Flow cytometric analysis was performed on 0.1-ml blood samples transferred to micro centrifuge tubes containing 90 μl of acid citrate dextrose (ACD) solution. Red blood cells were lysed using ACK-lysing buffer (Biosource International, Inc., Camarillo, CA) according to the manufacturer's instruction. Antibodies used for analysis of surface markers included: FITC-conjugated rat anti-mouse CD45R/B220 (RA3-6B2, BD Pharmingen San Diego, CA) for B cells; FITC-conjugated rat anti-mouse CD8α (53-6.7) and CD4 (GK1.5, BD Pharmingen, San Diego, CA) for CD8⁺ or CD4⁺ cells, respectively. Samples evaluated for CD4⁺ and CD8α⁺ cells were also incubated with biotin-conjugated hamster anti-mouse CD3e (145-2C11) monoclonal antibody (BD Pharmingen, San Diego, CA) and subsequently with streptavidin APC Cy7. Isotype-matched, non-specific controls were assayed in parallel (BD Pharmingen, San Diego, CA). Surface staining was performed according to previously published protocols 21. Following cell staining, the samples were fixed with 2% buffered paraformaldehyde overnight prior to analysis by flow cytometry. Samples were analyzed using a FACSCalibur flow cytometer with BD CellQuest Pro software.

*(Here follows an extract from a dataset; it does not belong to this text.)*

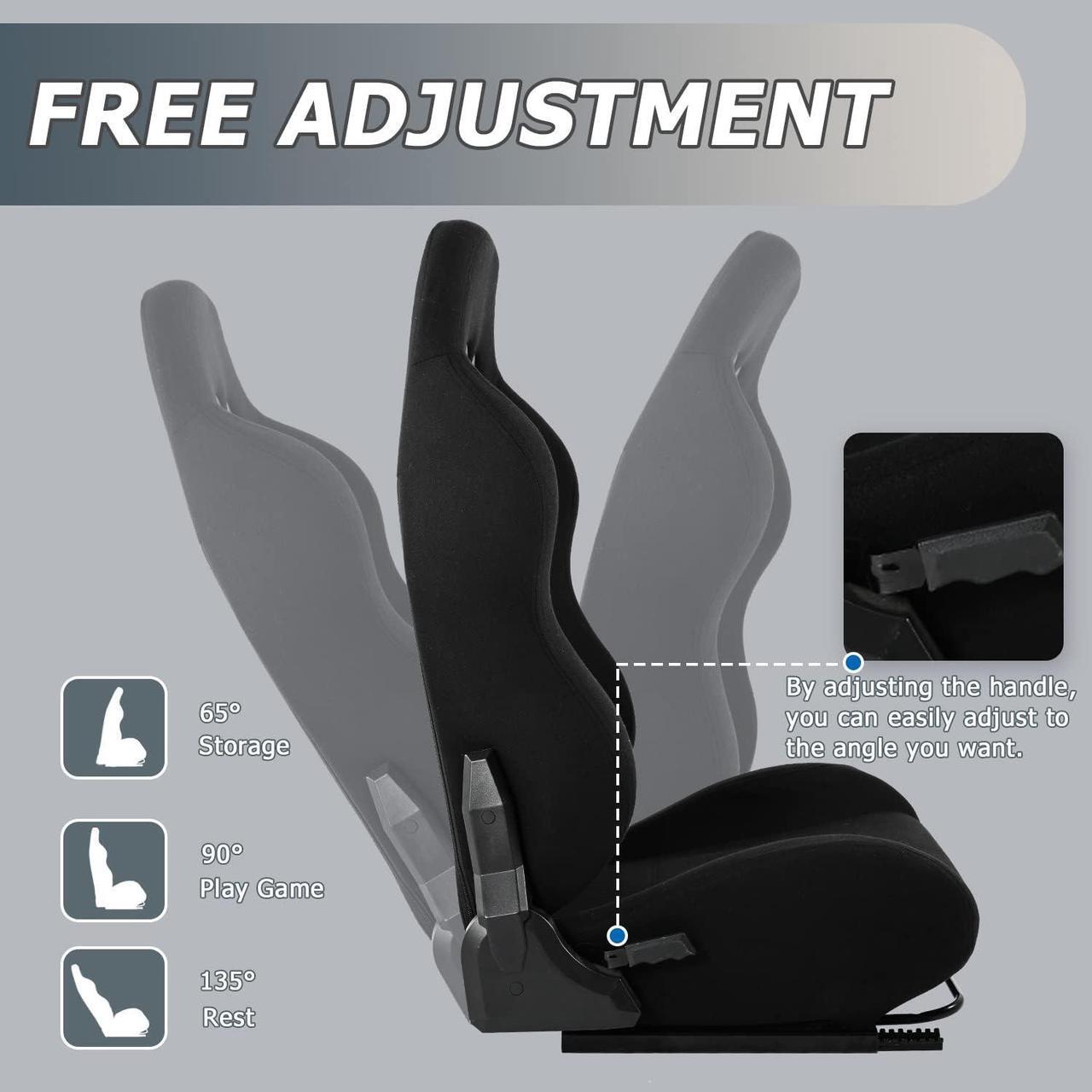 Alt view image 5 of 6 - Minneer Racing Gaming Simulator Cockpit Frame Seat Fit for Logitech/Thrustmaster G27 G29 G920 TX PXN with Adjustable Double Slide,Adapt Racing Wheel Stand Chair,Video Game Seats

Immunoglobulin subclass IgG1 and IgG2a titers in mice were determined by a whole bacterial cell ELISA performed in 96-well, Immulon 2 HB, round-bottom plates (Dynex Technologies). B. mallei antigen was diluted in 0.1 M carbonate buffer (pH 9.5) and 50 μl of diluted cells placed into wells. Plates were stored overnight at 4°C. The plates were washed with washing solution (1× PBS, 0.05% Tween 20), and incubated with 100 μl of blocking solution (1× PBS, 1% bovine serum albumin, 0.05% Tween 20) for 1 h at 37°C. Dilutions of mouse sera were made with blocking solution in duplicate and plates were incubated for 1 h at 37°C. Following incubation, plates were washed and 50 μl of anti-Ig-horseradish peroxidase subclass conjugate, diluted accordingly to manufacturer's instructions (Southern Biotechnology Associates, Inc. Birmingham, Ala.), was added to each well and incubated for 1 h at 37°C. After washing, 50 μl of 2,2'-azino-di-(3-ethylbenzthizoline)-6-sulfonate (ABTS) peroxidase substrate (KPL, Inc., Gaithersburg, Maryland) was added to each well and plates incubated for 25 min at room temperature. The amount of bound antibody was determined colorimetrically by absorbance at 405 nm.

Survival curves were calculated by Kaplan Meier survival analysis with log-rank tests between groups using GraphPad Prism (V.4.03 for windows). Statistical analysis was generally performed with the paired Student's t-test. P value ≤ 0.05 was considered significant.